Mr. Pottermack's Oversight
- Author: R. Austin Freeman
- Language: English
- Series: Doctor Thorndyke
- Genre: Detective
- Publisher: Hodder and Stoughton Dodd, Mead (US)
- Publication date: 1930
- Publication place: United Kingdom
- Media type: Print
- Preceded by: As a Thief in the Night
- Followed by: Pontifex, Son and Thorndyke
- Text: Mr. Pottermack's Oversight at Wikisource

= Mr. Pottermack's Oversight =

1930 novel

Mr. Pottermack's Oversight is a 1930 detective story by the British author R. Austin Freeman. Part of his long-running series of novels featuring the forensic investigator Doctor Thorndyke, it was published in London by Hodder and Stoughton and in New York City by Dodd, Mead. Freeman's Thorndyke stories stretched back to the Edwardian era, but this novel was released during the Golden Age of Detective Fiction. It is an inverted detective story in which the crime is shown early on and the preparator clearly shown. It was republished in 2024 as part of the British Library's Crime Classics series.

==Synopsis==
Mr. Pottermack, a respectable man living in a house on the outskirts of the town of Borley in Buckinghamshire, is confronted one night by his repeated blackmailer James Lewson a local bank manager. When Pottermack refuses to pay Lewson turns nasty and in the subsequent brawl he falls down the disused garden well which Pottermack had recently uncovered while digging to prepare for the installation of an antique sundial to sit in the grounds. Pottmerack an enterprising man, realises that the sandy soil means that Lawson's footprints are clearly shown all the way from the town to his house.
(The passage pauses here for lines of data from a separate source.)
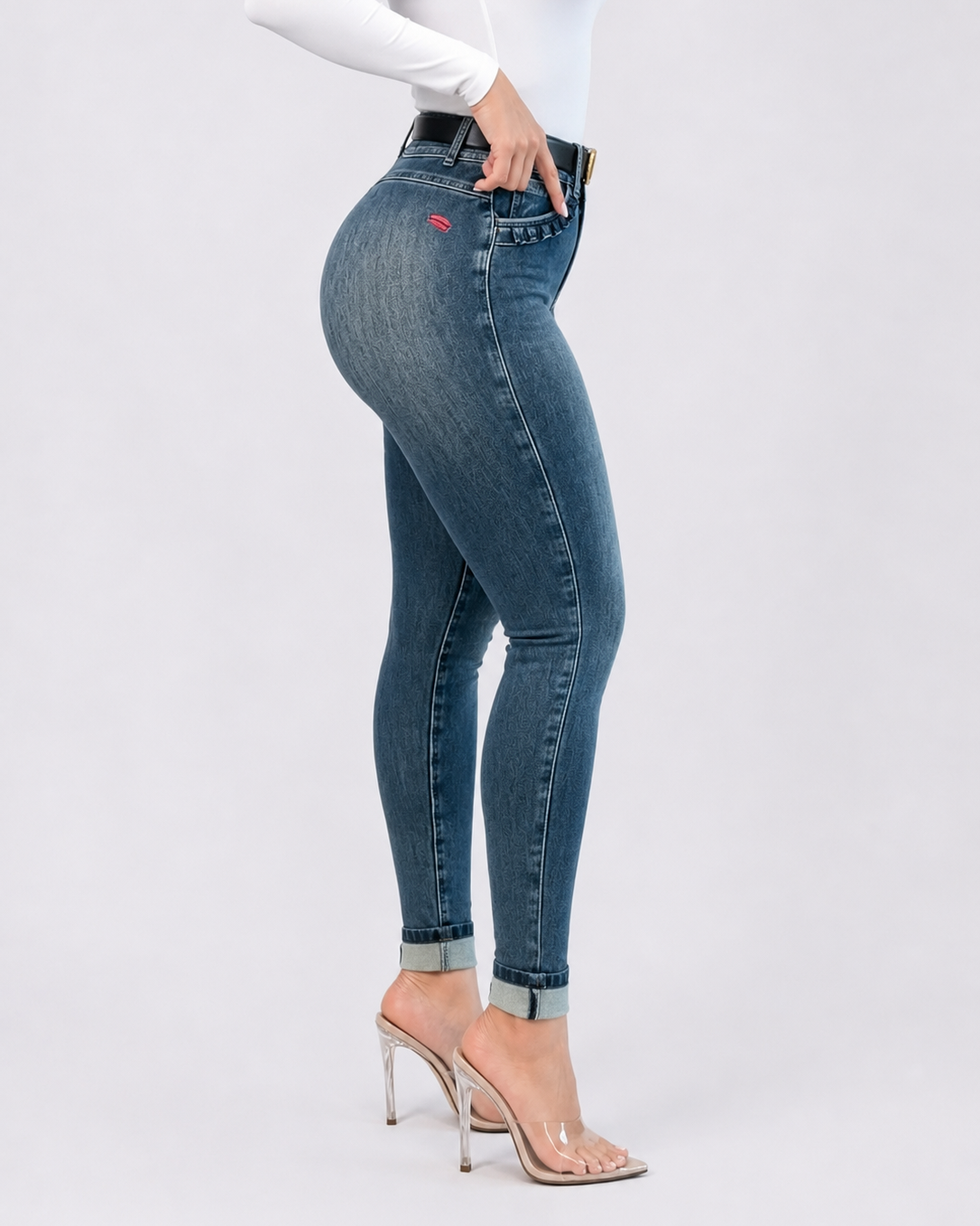 High Waist Ruffle Pocket Stretch Skinny Butt Lifting Jeans - By Qivii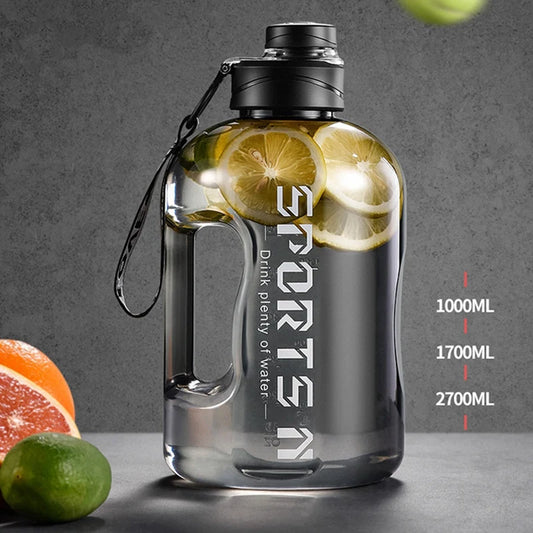 1.7/2.7L Large Capacity Sport Water Bottle with Time Scale Plastic Travel Bottles With Handle For Training Fitness Cup BPA Free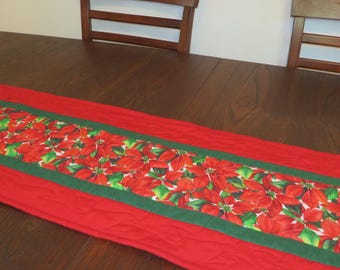 71" Red Poinsettia Table Runner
He develops a mould imitating the soles of the dead mans shoes and wears them to walk some distance away to an isolated heath. Meanwhile, the sundial is installed over the top of the well.
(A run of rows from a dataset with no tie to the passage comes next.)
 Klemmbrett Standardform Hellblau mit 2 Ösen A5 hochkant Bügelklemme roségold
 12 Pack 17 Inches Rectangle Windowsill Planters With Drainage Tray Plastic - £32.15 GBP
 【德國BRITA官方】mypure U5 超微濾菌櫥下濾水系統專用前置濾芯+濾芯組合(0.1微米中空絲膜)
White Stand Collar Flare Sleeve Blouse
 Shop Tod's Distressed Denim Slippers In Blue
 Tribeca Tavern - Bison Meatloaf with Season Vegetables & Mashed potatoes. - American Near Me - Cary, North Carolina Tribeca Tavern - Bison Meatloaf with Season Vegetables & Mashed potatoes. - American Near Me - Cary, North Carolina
Pottermack believes he has thrown any potential supsicion way from him. However he is unsettled when he encounters Doctor Thorndyke who is following up the case out of interest after it is mentioned by a friend. Yet the Doctor, despite his curiosity and observations, seemingly disappears from the case. To convince the wider public that Lewson is alive and has likely fled the country, Pottermack takes the banknotes Lewson had embezzled from his branch and tries to have his pocket picked at a horseracing meeting in Surrey but - having been too clever for his own good - he is almost arrested while he has the incriminating money on him.
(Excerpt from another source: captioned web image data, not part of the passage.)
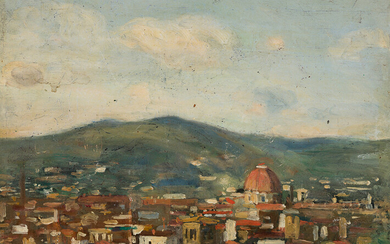 ALSON SKINNER CLARK View of an Italian City. Oil on panel, 1904. 185x240...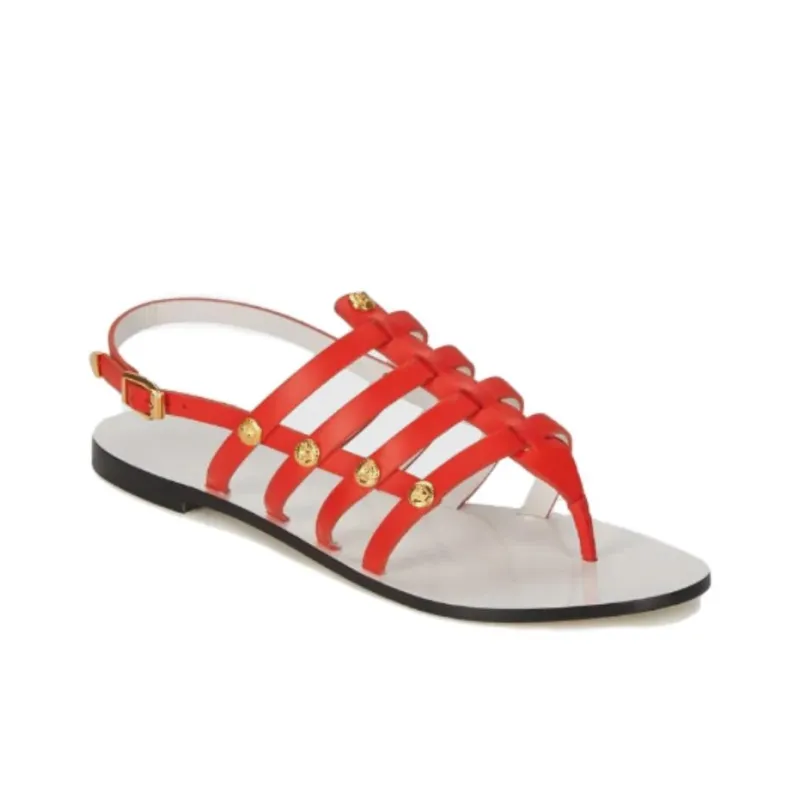 FANSIZHE One Strap Sandals Women's Red-3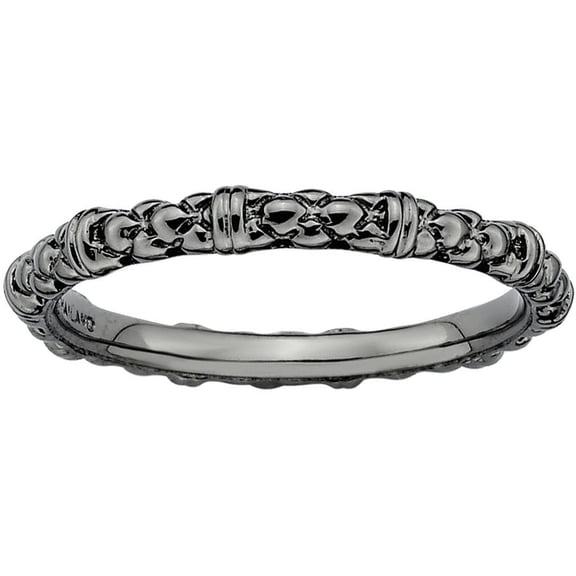 Sterling Silver Black-Plated Cable Ring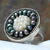 Aphrodite from the Sea pearl and white sapphire mosaic ring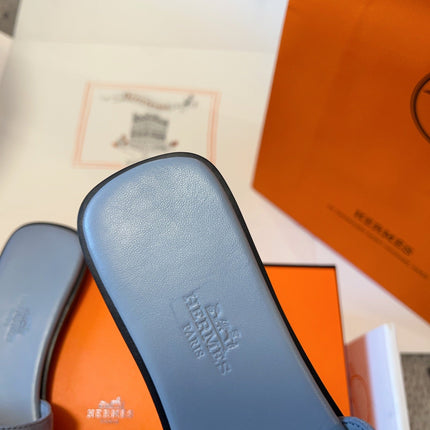 GIULIA FLAT SANDAL IN CERULEAN BLUE SUEDE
Pottermack reminisces about his history. He had been a young bank cashier named Jeffrey Brandon, engaged to his soulmate, who was wrongly accused of stealing and had been sent to prison for five years. Unable to stand the injustice he had managed to escape and it was wrongly supposed he had drowned while trying to swim out to a ship. Instead he had managed to slip away to the United States where hardwork earned him a significant sum of money. He returned to England using an alias based on the ship he had sailed to America on the Potomac. On his return he courted the fiancée he had been torn from by his imprisonment who he believes was a widow. He is also discovered by his old associate Lewson who proceeded to blackmail him to feed his own gambling habit. Only after Lewson's death in the well (which only Pottermack knows of) does he discover that she is married to him. She wishes she could marry him but she can't. She also reveals that Lewson had deliberately framed him for his own crime. Unspoken is the suggestion that she knows Pottermack's real identity, but maintains the fiction that they are new acquittances.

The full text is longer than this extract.